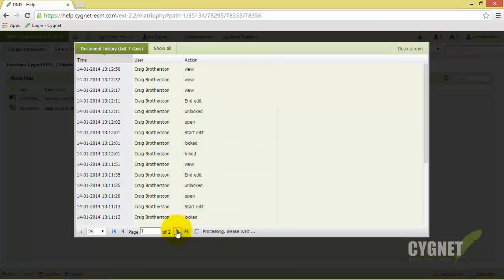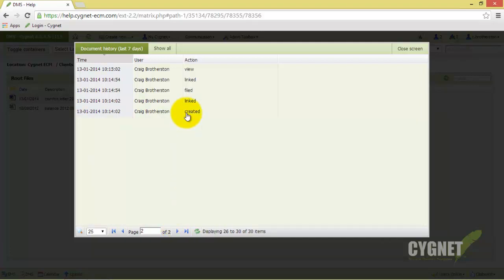The default view will show us the actions taken within the past 7 days, but we can select Show All to see the entire history.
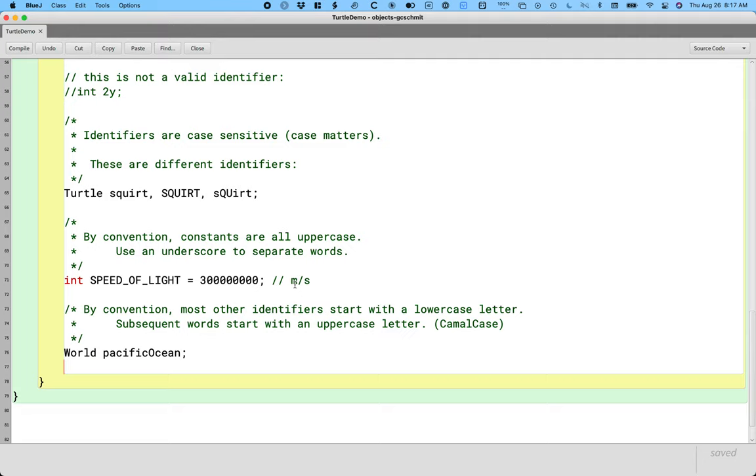The capitalization helps us understand things. For those of you familiar with Python, this is different than Python. Our Python variables are all lowercase separated by underscores by convention. Java doesn't do it that way. There aren't underscores normally, and we use the camelCase, the mixed case, instead.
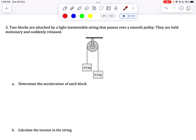Here's another sample problem on Newton's second law of motion that involves pulleys. Two blocks are attached by a light, inextensible string that passes over a smooth pulley. They are held stationary and suddenly released. First question: determine the acceleration of each block. We have the pulley here, with one mass of 6 kilograms and the smaller mass of 4.5 kilograms.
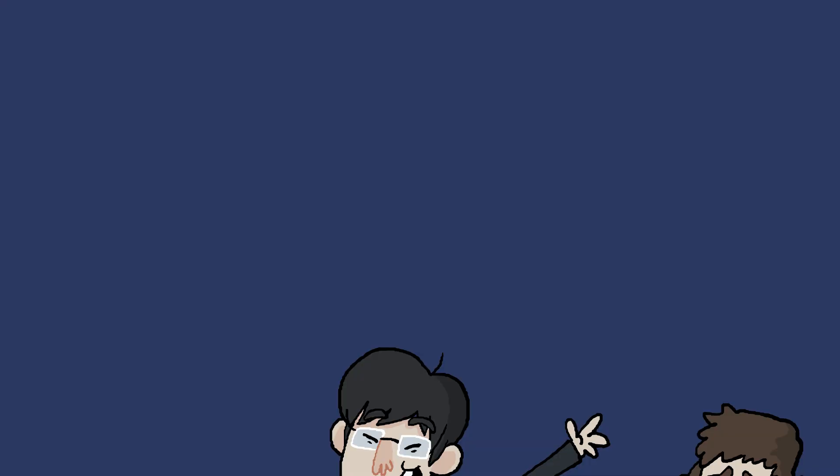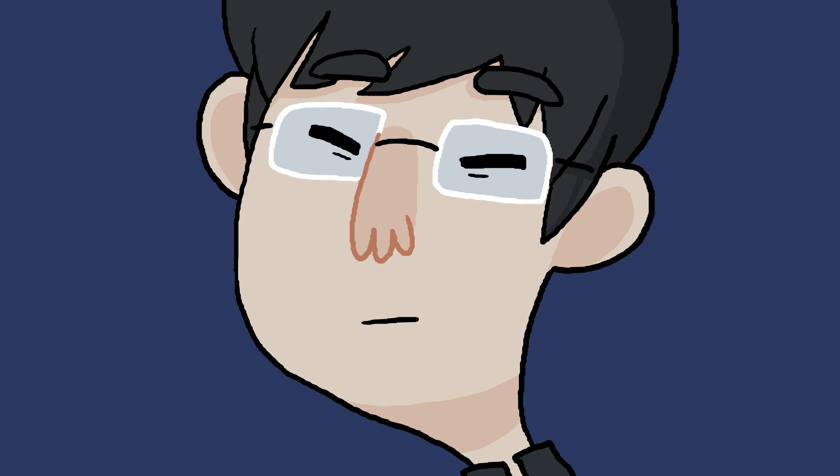He announced to his professors and colleagues that he intended to pursue a career in video games, and although they pleaded with him to reconsider, he already made up his mind. Kojima joined Konami in 1986.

WHAT THE EXERCISE ASKS: Leaving out the pictures, repeat the data above exactly.

TASK SOLUTION:
The default view will show us the actions taken within the past 7 days, but we can select Show All to see the entire history.
The capitalization helps us understand things. For those of you familiar with Python, this is different than Python. Our Python variables are all lowercase separated by underscores by convention. Java doesn't do it that way. There aren't underscores normally, and we use the camelCase, the mixed case, instead.
Here's another sample problem on Newton's second law of motion that involves pulleys. Two blocks are attached by a light, inextensible string that passes over a smooth pulley. They are held stationary and suddenly released. First question: determine the acceleration of each block. We have the pulley here, with one mass of 6 kilograms and the smaller mass of 4.5 kilograms.
He announced to his professors and colleagues that he intended to pursue a career in video games, and although they pleaded with him to reconsider, he already made up his mind. Kojima joined Konami in 1986.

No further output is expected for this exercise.